What do they offer? If you read carefully, they promised nothing, only implied (“we can”, “you can”). Noting thousands of links to my website on some “social network” of who knows which websites, with which content.
3. Conclusion
I reported the received email for what it is – spam.
I respect the knowledge, experience and hard work of the above noted company. But I despise spam and “dirty tricks” used for “boosting Google ranking”. Thinking they do more harm than good in the long run.
Make good quality content and people will link to it, because it is good, worth reading and sharing. Of course, tag it properly, so that Google can more easily recognize its quality. But don’t fall for the tricks that you can pay and somehow miraculously “get to the front page”. And don’t spam – it’s harmful and ugly. You are more likely to have such tricks backfire.
Might let them know I’ve linked to their website – I have.

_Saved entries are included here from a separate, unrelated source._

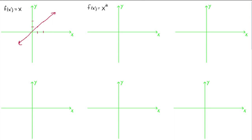The second one is called the squaring function. It takes every real number and pairs it up with its square. For example, if you take the number 3 and plug it in for x, you're going to get 9 back for y. That's how you get all the ordered pairs.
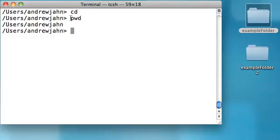And notice I typed in pwd. That stands for Present Working Directory. And that just lists a path or a list of directories that you are currently in.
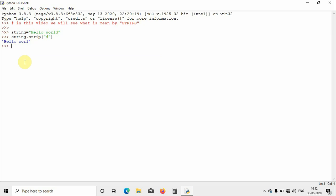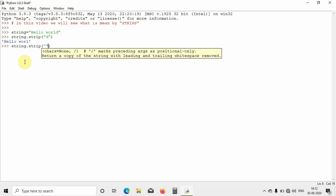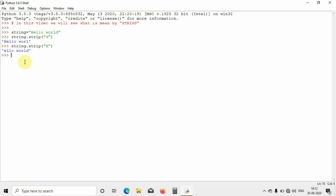What if I want to remove the character which is at the beginning? I will write string dot strip, then the same procedure. I want to remove 'h' this time, so I will write 'h' and hit enter. You can see the 'h' has been removed from this string and the remaining part is displayed — that is 'ello world'. This is how you can remove the starting and ending part of a string.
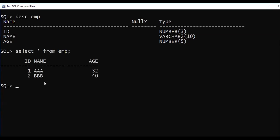The EMP table has only two records. First record: ID is 1, name is AAA, and a corresponding age. Second record: ID is 2, name is BBB, and age is 40.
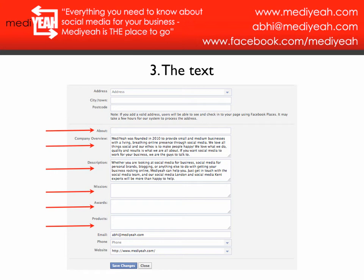Mission is pretty much your company's belief — why you do what you do, why you set up this business. You fill that in there. As you can see, I still need to fill mine in, but it is another chance to get some important keywords in so you come up highly in search results.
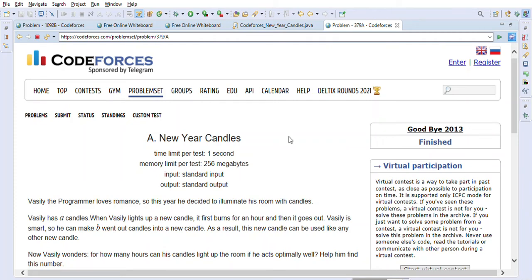Hi friends, welcome back. Today we are going to solve the Codeforces problem 'New Year Candles'. My channel is dedicated to help people preparing for Java interviews and coding interviews. You will find over 200 solved coding problems previously asked by big tech companies like Google, Amazon, Facebook, Microsoft, Yahoo, and many others. If you are preparing for Java or coding interviews, please subscribe to my channel.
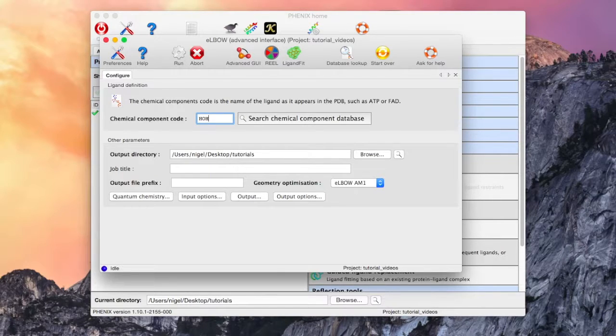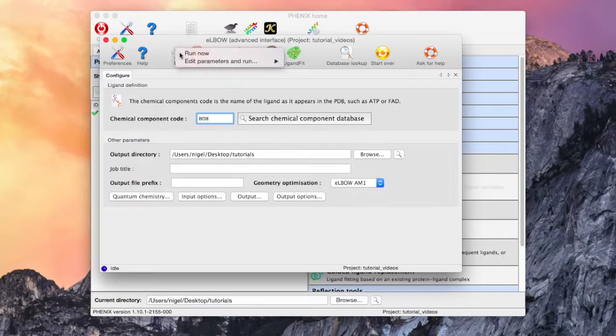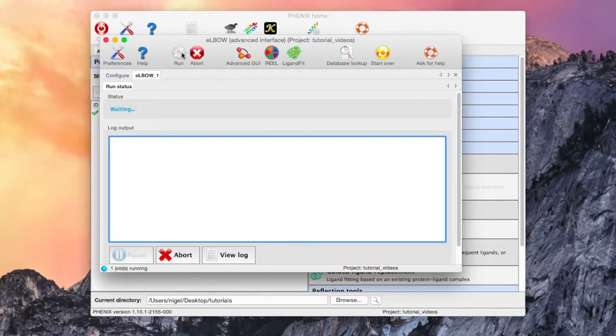So let's enter our toy example, HOH, which is the most common code for water.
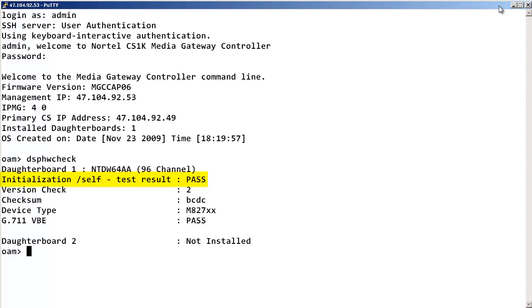If the self-test fails, re-seat or replace the Media Card or DSP daughterboard.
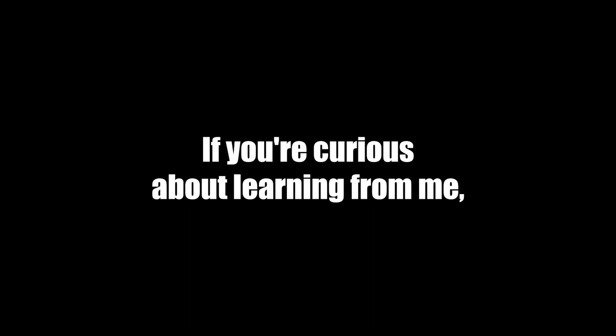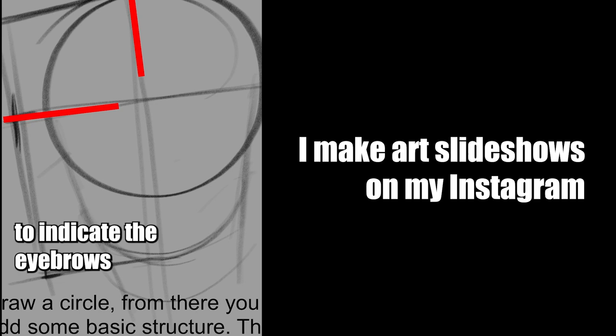If you're curious about learning from me, I'm going to be uploading tutorials on Gumroad and Propa.com at some point, so if you want to get those, check out the links in the description. If you're interested in more free content, I make art slideshows on my Instagram, christiannee underscore art, where I show sketch notes for what I'm studying that week. Thanks so much for watching, and if you did like this, please subscribe, comment, and hit that like button. It really does help out the channel.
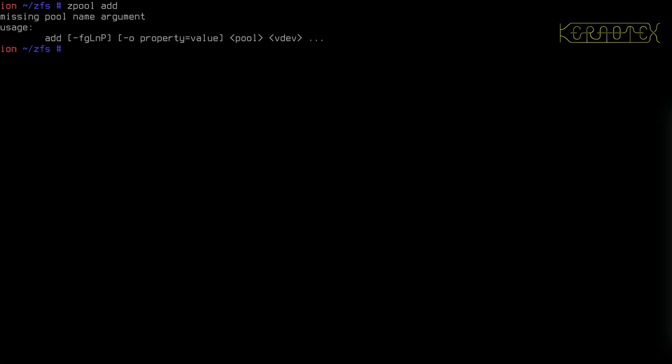There are two commands I'm going to be using. First is zpool add. The add command is used to add or create a new VDEV — so it's important to remember that add is used to add or create a new VDEV.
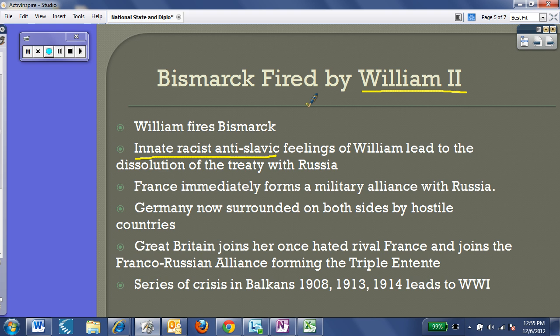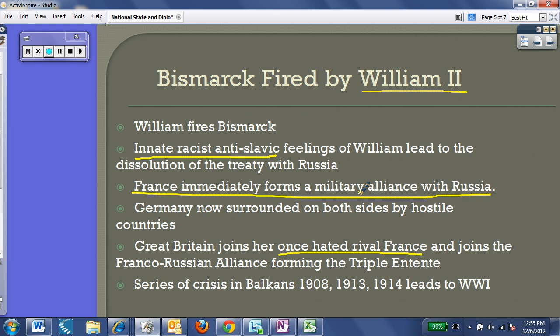France immediately stepped in and signed a treaty with Russia, and now Germany had big problems — surrounded on both sides by hostile countries. Great Britain then joined her once-hated rival France. Britain and France had hated each other for centuries, but Britain, being practical, joined the Franco-Russian alliance. Together they formed something called the Triple Entente — the other side of World War I. There followed a series of crises in the Balkans from 1908 all the way up to 1914, leading directly to World War I, which we'll cover in Chapter 8.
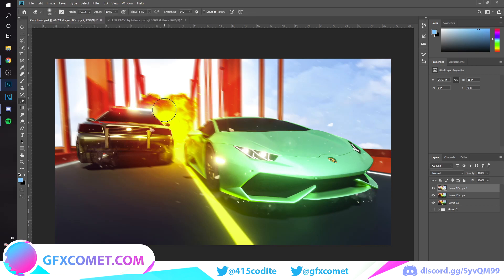That is about it. I hope you enjoyed this tutorial. Make sure to check out our website gfxcomet.com, and I hope this helps you. I will see you in the next video.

but you have linked him via do follow a href link.
sounds like whole post is a promoted article for him. 😉
Yes – linked properly. 🙂
About a week after I had published that post, they sent another email – similar to the original one, stating they are checking in case I had missed the first email and if I’m interested in collaborating.
So I replied to that email and sent the link to this post. Never heard from them again – not sure they will follow up on their promise. 🙂
As for the promotion – my website isn’t ranked for SEO. While their is ranked rather highly – they do have a lot of OK quality SEO related content, I must admit that.
Google seems to like linking to relevant good quality content – so I see no harm as far as my website’s rating is concerned. While I’m not worried about them – I’m sure at least 1 in a 1000 people who got the email had bought the bait, so one more link from my website won’t make much of a difference.
I avoid nofollow links – unless for affiliate sales (Google notes that those should be made nofollow). Prefer to have both the visitors and Google see what I’m linking to.